ESI Invalidation Protocol 1.0

W3C Note 04 August 2001

This version:: http://www.w3.org/TR/2001/NOTE-esi-invp-20010804
Latest version:: http://www.w3.org/TR/esi-invp
Authors:: Larry Jacobs, Oracle; Gary Ling, Oracle; Xiang Liu, Oracle

Abstract

This specification defines the ESI Invalidation Protocol, to allow for tight coherence between origin serves and surrogates (also know as "Reverse Proxies").

Status of this document

This document is part of a submission to the World Wide Web Consortium (see Submission Request, W3C Staff Comment) that outlines an approach to scaling the Web infrastructure. Comments to the authors are welcome, but you are also encouraged to share your views on the W3C publicly archived www-talk mailing list <www-talk@w3.org>. For a full list of all acknowledged Submissions, please see Acknowledged Submissions to W3C.

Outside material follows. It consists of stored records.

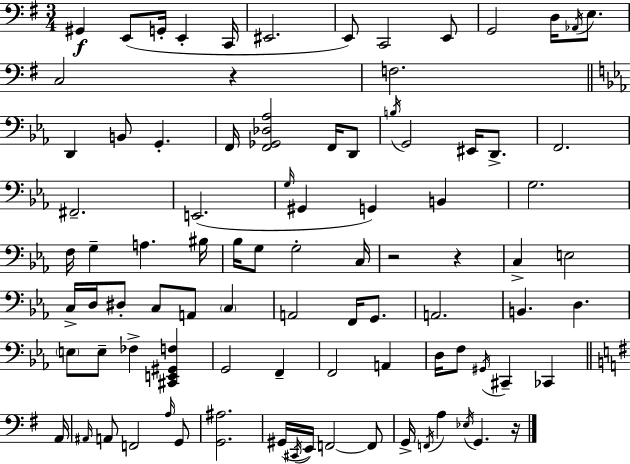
{
  \clef bass
  \numericTimeSignature
  \time 3/4
  \key g \major
  gis,4\f e,8( g,16-. e,4-. c,16 | eis,2. | e,8) c,2 e,8 | g,2 d16 \acciaccatura { aes,16 } e8. | \break c2 r4 | f2. | \bar "||" \break \key c \minor d,4 b,8 g,4.-. | f,16 <f, ges, des aes>2 f,16 d,8 | \acciaccatura { b16 } g,2 eis,16 d,8.-> | f,2. | \break fis,2.-- | e,2.( | \grace { g16 } gis,4 g,4) b,4 | g2. | \break f16 g4-- a4. | bis16 bes16 g8 g2-. | c16 r2 r4 | c4-> e2 | \break c16-> d16 dis8-. c8 a,8 \parenthesize c4 | a,2 f,16 g,8. | a,2. | b,4. d4. | \break \parenthesize e8 e8-- fes4-> <cis, e, gis, f>4 | g,2 f,4-- | f,2 a,4 | d16 f8 \acciaccatura { gis,16 } cis,4-- ces,4 | \break \bar "||" \break \key e \minor a,16 \grace { ais,16 } a,8 f,2 | \grace { a16 } g,8 <g, ais>2. | gis,16( \acciaccatura { cis,16 } e,16) f,2~~ | f,8 g,16-> \acciaccatura { f,16 } a4 \acciaccatura { ees16 } g,4. | \break r16 \bar "|."
}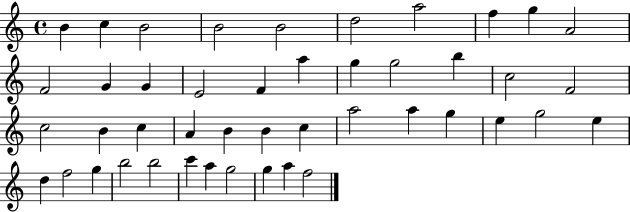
B4/q C5/q B4/h B4/h B4/h D5/h A5/h F5/q G5/q A4/h F4/h G4/q G4/q E4/h F4/q A5/q G5/q G5/h B5/q C5/h F4/h C5/h B4/q C5/q A4/q B4/q B4/q C5/q A5/h A5/q G5/q E5/q G5/h E5/q D5/q F5/h G5/q B5/h B5/h C6/q A5/q G5/h G5/q A5/q F5/h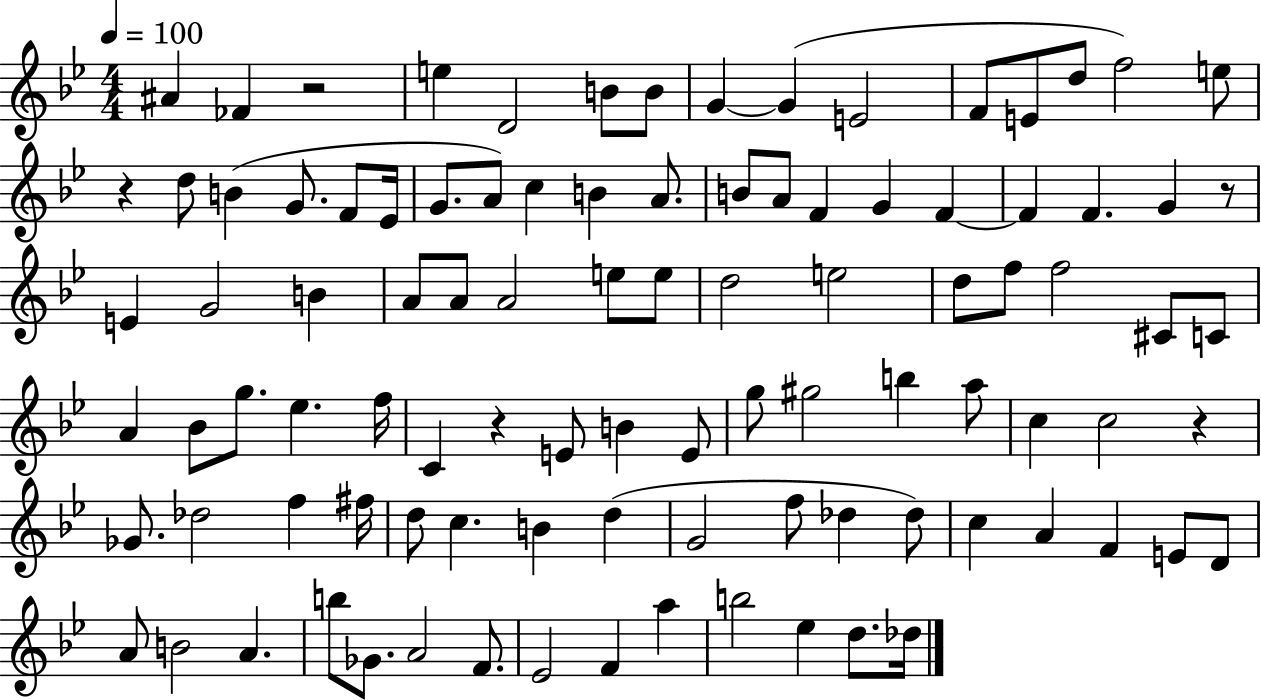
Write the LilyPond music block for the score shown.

{
  \clef treble
  \numericTimeSignature
  \time 4/4
  \key bes \major
  \tempo 4 = 100
  ais'4 fes'4 r2 | e''4 d'2 b'8 b'8 | g'4~~ g'4( e'2 | f'8 e'8 d''8 f''2) e''8 | \break r4 d''8 b'4( g'8. f'8 ees'16 | g'8. a'8) c''4 b'4 a'8. | b'8 a'8 f'4 g'4 f'4~~ | f'4 f'4. g'4 r8 | \break e'4 g'2 b'4 | a'8 a'8 a'2 e''8 e''8 | d''2 e''2 | d''8 f''8 f''2 cis'8 c'8 | \break a'4 bes'8 g''8. ees''4. f''16 | c'4 r4 e'8 b'4 e'8 | g''8 gis''2 b''4 a''8 | c''4 c''2 r4 | \break ges'8. des''2 f''4 fis''16 | d''8 c''4. b'4 d''4( | g'2 f''8 des''4 des''8) | c''4 a'4 f'4 e'8 d'8 | \break a'8 b'2 a'4. | b''8 ges'8. a'2 f'8. | ees'2 f'4 a''4 | b''2 ees''4 d''8. des''16 | \break \bar "|."
}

This document is a NOTE made available by the W3C for discussion only. Publication of this Note by W3C indicates no endorsement by W3C or the W3C Team, or any W3C Members. No W3C resources were or are allocated to the issues addressed by the NOTE. W3C has had no editorial control over the preparation of this NOTE.

A list of current W3C technical documents can be found at the Technical Reports page.

Introduction

This document describes invalidation protocols for doing ESI invalidation of cached page documents. An invalidation request is an XML document sent over HTTP using HTTP/1.1 POST method. The syntax for an invalidation request is dictated by WCSinvalidation.dtd, the DTD (Document Type Definition) file which is defined later.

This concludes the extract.